İşleri güçleri hayır, hasenat olan bu temiz yüzlü, yüzüne bakınca
kızaran, çalışkan, eğitimli Anadolu çocuklarını siyaseten iddialı
Milli Görüşçülere göre çok daha çok daha ılımlı, tercih edilebilir
bulan özellikle de 1980 askeri darbesi sonrası iktidarlar olmuştur.
O dönem mangalda Atatürkçülük külü bırakmayan askeri yönetim sol
hareketlerin panzehri olarak İslami hareketleri görmüş, yol
vermiştir. Bugün 15 Temmuz kanlı darbe girişiminin arkasında
iktidar ve muhalefetin ortak kanısında olduğu gibi Gülen var
idiyse, bunda -en çok onların döneminde yükseldikleri için- AK
Parti’nin yanlışı çoktur, ama önceki bütün hükümetlerin de yanlışı
vardır.
Gülen’in durumuna gelince…
ABD Başkanı Barack Obama gidici; Amerikan siyasetindeki tuhaf
deyimle “Topal ördek”.
Ama benzeri dönemlerden daha ciddi bir iktidar boşluğu yaşanıyor
ABD’de.

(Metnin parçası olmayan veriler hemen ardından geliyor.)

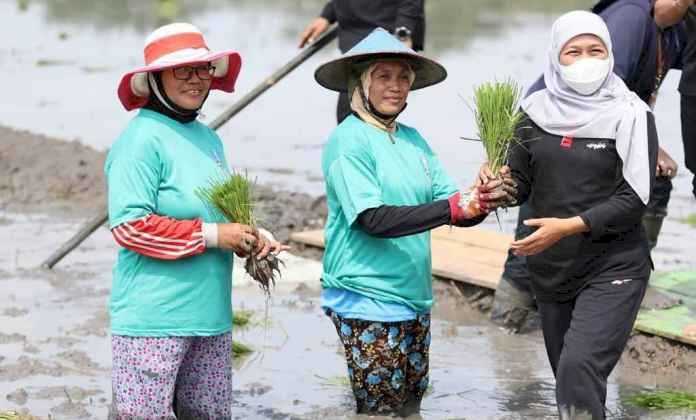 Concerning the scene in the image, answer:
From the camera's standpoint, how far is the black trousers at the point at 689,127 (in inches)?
261

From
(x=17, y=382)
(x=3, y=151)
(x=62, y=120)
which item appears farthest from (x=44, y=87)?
(x=17, y=382)

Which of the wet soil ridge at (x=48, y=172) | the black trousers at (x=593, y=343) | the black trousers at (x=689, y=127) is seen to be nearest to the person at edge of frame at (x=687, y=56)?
the black trousers at (x=689, y=127)

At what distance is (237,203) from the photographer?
5.11m

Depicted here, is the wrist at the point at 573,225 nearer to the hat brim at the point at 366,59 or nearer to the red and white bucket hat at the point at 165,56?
the hat brim at the point at 366,59

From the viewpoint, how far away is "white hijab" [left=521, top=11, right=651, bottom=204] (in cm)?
523

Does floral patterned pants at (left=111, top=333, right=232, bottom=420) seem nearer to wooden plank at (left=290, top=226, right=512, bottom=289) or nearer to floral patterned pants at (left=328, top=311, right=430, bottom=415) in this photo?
floral patterned pants at (left=328, top=311, right=430, bottom=415)

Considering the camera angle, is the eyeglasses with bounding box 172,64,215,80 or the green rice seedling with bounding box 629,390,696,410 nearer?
the eyeglasses with bounding box 172,64,215,80

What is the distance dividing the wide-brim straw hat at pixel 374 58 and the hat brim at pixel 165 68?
417 mm

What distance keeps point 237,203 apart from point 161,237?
311 millimetres

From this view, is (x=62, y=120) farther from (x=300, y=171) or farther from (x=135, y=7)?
(x=135, y=7)

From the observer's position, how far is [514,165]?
18.1ft

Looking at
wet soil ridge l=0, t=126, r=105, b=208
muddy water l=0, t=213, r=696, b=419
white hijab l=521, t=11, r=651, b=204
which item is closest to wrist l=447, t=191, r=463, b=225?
Answer: white hijab l=521, t=11, r=651, b=204

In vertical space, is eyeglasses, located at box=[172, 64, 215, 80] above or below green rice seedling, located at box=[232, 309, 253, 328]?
above

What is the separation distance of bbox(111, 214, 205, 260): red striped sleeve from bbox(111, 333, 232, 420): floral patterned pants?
313 mm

Çünkü Cumhuriyetçilerin Donald Trump’ı da, Demokratların
Hillary Clinton’u da seçilse Obama’nın pasifist siyasetinin
değişeceği belli.
Yani Amerikan derin devletinde şu anda şahinlerle güvercinler
değil, şahinlerle kartallar iç iktidar savaşında.